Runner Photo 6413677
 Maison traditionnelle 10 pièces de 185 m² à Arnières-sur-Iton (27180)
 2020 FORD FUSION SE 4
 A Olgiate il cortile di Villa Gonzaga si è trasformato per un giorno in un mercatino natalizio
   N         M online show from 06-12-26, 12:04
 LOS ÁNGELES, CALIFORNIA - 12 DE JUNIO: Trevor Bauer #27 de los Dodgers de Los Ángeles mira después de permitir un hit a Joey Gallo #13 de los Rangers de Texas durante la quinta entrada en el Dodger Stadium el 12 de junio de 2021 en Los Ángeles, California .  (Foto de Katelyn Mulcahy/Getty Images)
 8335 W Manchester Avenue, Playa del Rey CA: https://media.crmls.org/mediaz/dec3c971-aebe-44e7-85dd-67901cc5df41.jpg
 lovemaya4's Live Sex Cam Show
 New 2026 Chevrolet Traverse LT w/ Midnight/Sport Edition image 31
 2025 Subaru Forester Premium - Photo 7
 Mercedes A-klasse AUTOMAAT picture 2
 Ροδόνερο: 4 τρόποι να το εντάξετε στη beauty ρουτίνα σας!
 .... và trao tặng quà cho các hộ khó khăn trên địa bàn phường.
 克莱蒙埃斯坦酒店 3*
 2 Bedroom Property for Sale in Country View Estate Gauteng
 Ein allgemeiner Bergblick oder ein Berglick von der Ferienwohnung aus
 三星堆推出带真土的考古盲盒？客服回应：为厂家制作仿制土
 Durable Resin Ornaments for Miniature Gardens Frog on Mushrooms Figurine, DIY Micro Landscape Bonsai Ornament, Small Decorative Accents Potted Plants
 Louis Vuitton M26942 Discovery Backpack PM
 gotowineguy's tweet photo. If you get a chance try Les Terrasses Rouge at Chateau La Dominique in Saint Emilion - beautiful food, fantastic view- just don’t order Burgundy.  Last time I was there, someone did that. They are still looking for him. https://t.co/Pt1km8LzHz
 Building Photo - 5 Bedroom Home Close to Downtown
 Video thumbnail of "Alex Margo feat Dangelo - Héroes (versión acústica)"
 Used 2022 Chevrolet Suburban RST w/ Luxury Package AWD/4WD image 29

• • •

# [TASK ITEM]
Lines in the data that include the word "Bedroom" should all be copied.

# [RESPONSE FOR THIS EXERCISE]
 2 Bedroom Property for Sale in Country View Estate Gauteng
 Building Photo - 5 Bedroom Home Close to Downtown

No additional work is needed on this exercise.